Other impressive results from DL applications have recently been achieved in the automated text generation with OpenAI GPT-3 new algorithms. This is another special DL network that can work with unlabelled data, as it will automatically detect patterns from very large textual datasets. These networks are able to generate text contents that may often appear as if they were written by humans. Remarkably the entire English Wikipedia apparently makes up less than 1% of the training data used to train GPT-3! You can see GPT-3 at work here:

  • https://openai.com/blog/openai-api/
  • https://www.theverge.com/21346343/gpt-3-explainer-openai-examples-errors-agi-potential

Considerations

Despite the many practical applications, their usage is still, if not complex, a very tricky one. It is possible to generate a deep learning model with little prior DL knowledge, but in most cases, we’re likely to obtain misleading results. The handling of models running in any critical or sensitive environment, should be left to people with the right technical expertise.

The quality of the data we feed in when training a DNN, is of key importance. It is a common fact that many projects involving DL, despite having very sophisticated models, at times cannot go live simply because real data does not match the model required standards. As the saying goes; ‘garbage in, garbage out’. To make the most out of these analytical methods and architectures, it is critical to implement a strong data culture, establishing robust collection, usability, and compliance strategies, also embedding education and training mechanisms at the core of the business.

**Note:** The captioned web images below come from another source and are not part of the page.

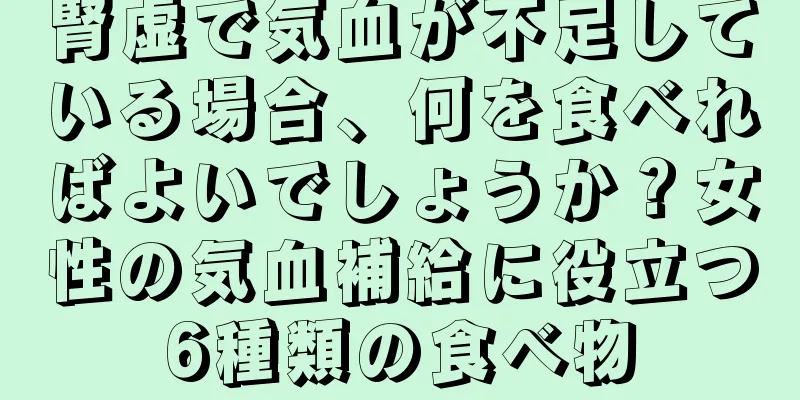 腎虚で気血が不足している場合、何を食べればよいでしょうか？女性の気血補給に役立つ6種類の食べ物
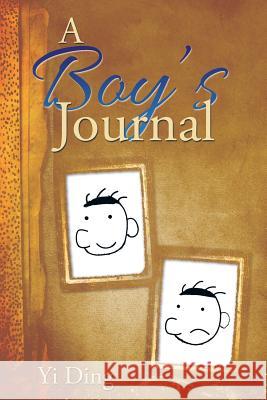 A Boy's Journal Yi Ding 9781482831603 Partridge Singapore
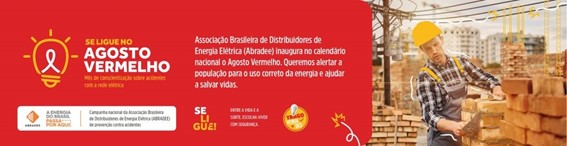 Olhar 67 - <strong>Associação Brasileira de Distribuidores de Energia Elétrica (Abradee) promove o ‘Agosto Vermelho’ para conscientização sobre segurança na rede elétrica</strong>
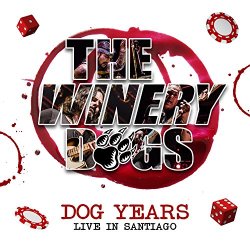 Winery Dogs, The - Dog Years - Live In Santiago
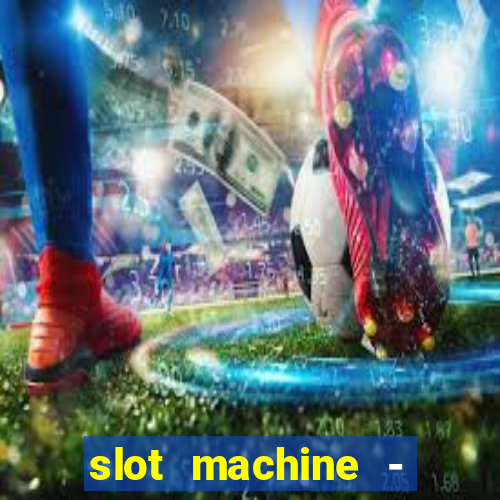 slot machine - free casino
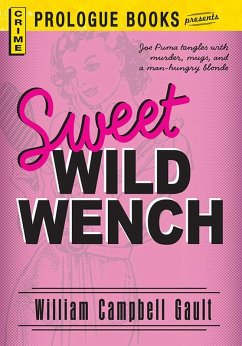 Sweet Wild Wench (eBook, ePUB) - Gault, William Campbell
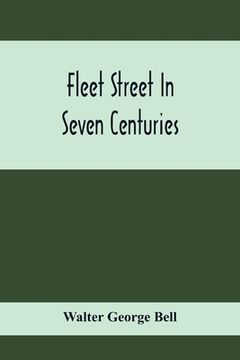 portada Fleet Street In Seven Centuries; Being A History Of The Growth Of London Beyond The Walls Into The Western Liberty, And Of Fleet Street To Our Time (en Inglés)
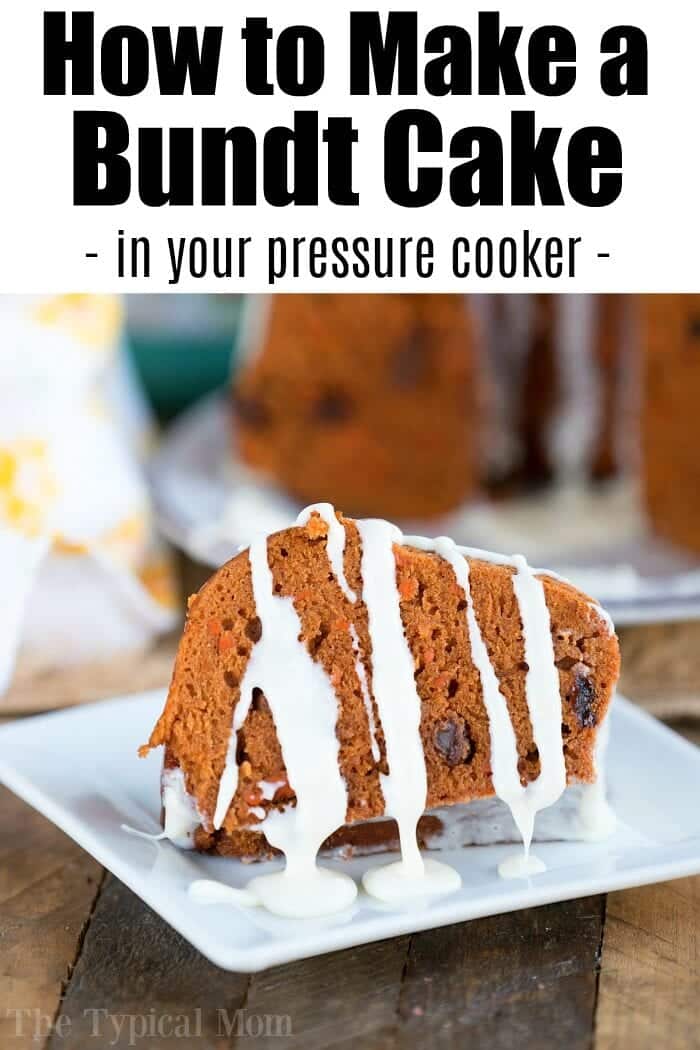 Instant Pot Cake  How to Make Cake in Your Pressure Cooker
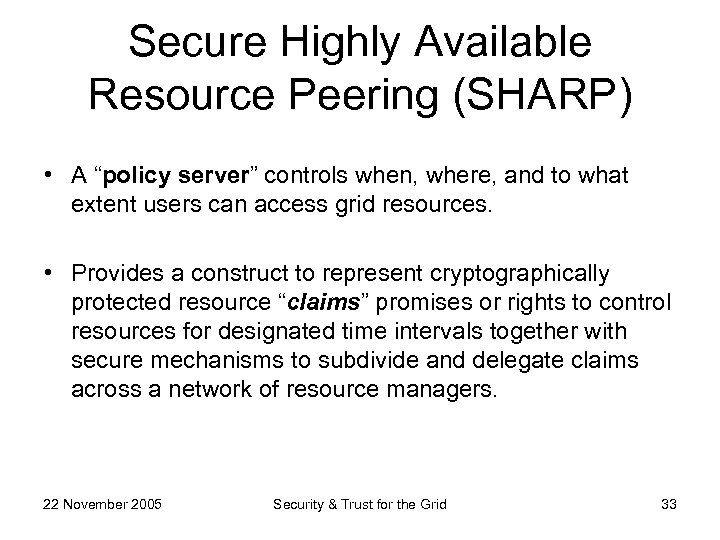 Secure Highly Available Resource Peering (SHARP) • A “policy server” controls when, where, and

There are also ethical issues arising from some biased results generated by DL, and the generation of false propaganda/information (deep fakes).

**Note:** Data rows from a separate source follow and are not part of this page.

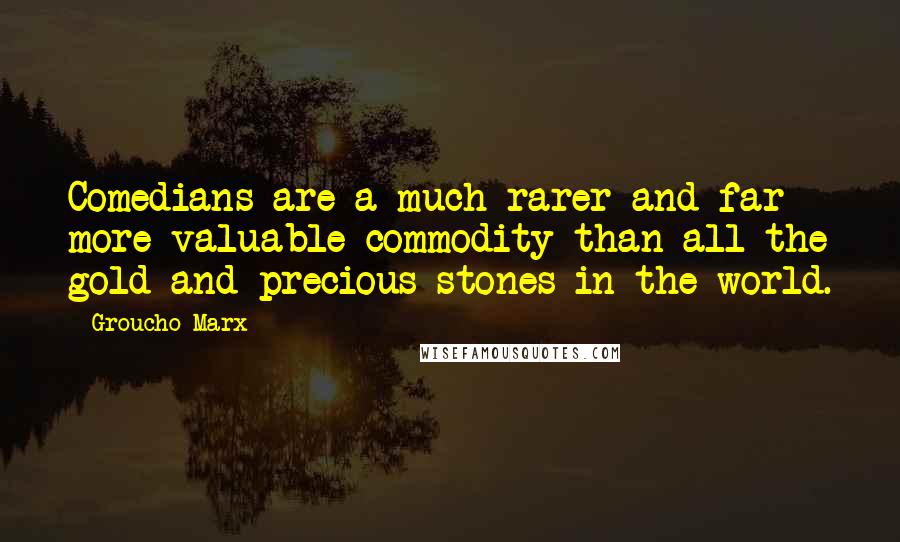 Groucho Marx Quotes: Comedians are a much rarer and far more valuable commodity than all the gold and precious stones in the world.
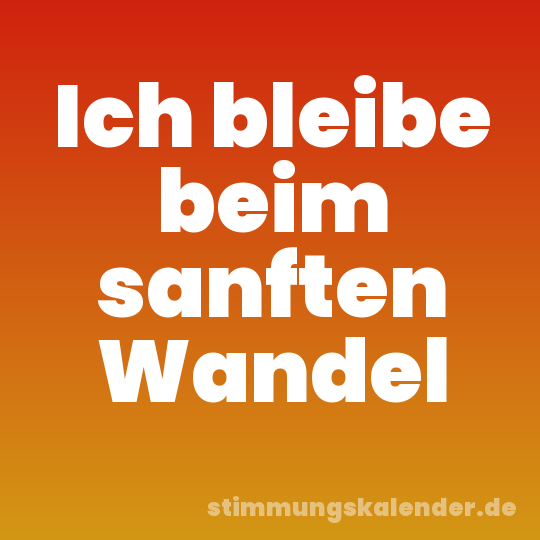 Ich bleibe beim sanften Wandel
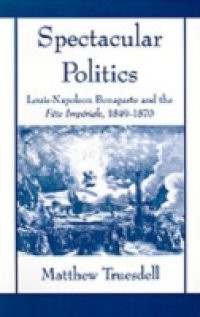 Spectacular Politics: Louis-Napoleon Bonaparte and the Fete Imperial, 1849-1870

Also, there is still quite some mystery as to the inner workings of DL, which may open the door to potential issues that may be difficult to detect and avoid. In fact, it is possible to manipulate an image so that a human may not perceive it, whereas a machine might misclassify it completely.

Acquiring a better understanding of the possibilities given by these machine learning algorithms, identifying when DL is really an option to be considered, will surely allow us to set the right goals and expectations.

 

Conclusion

We should not consider DL in any way as related to human intelligence. We are still not even close to such complexity. However, the way we should embrace this branch of Artificial Intelligence is as another, very powerful extension of our capabilities, rather than as a threat to our jobs. Threats come from misuses…but that’s another story. Possibly the most obvious differentiator between humans and any other known form of life, is our ability to build tools, and Deep Neural Networks are among the most promising we dispose of today.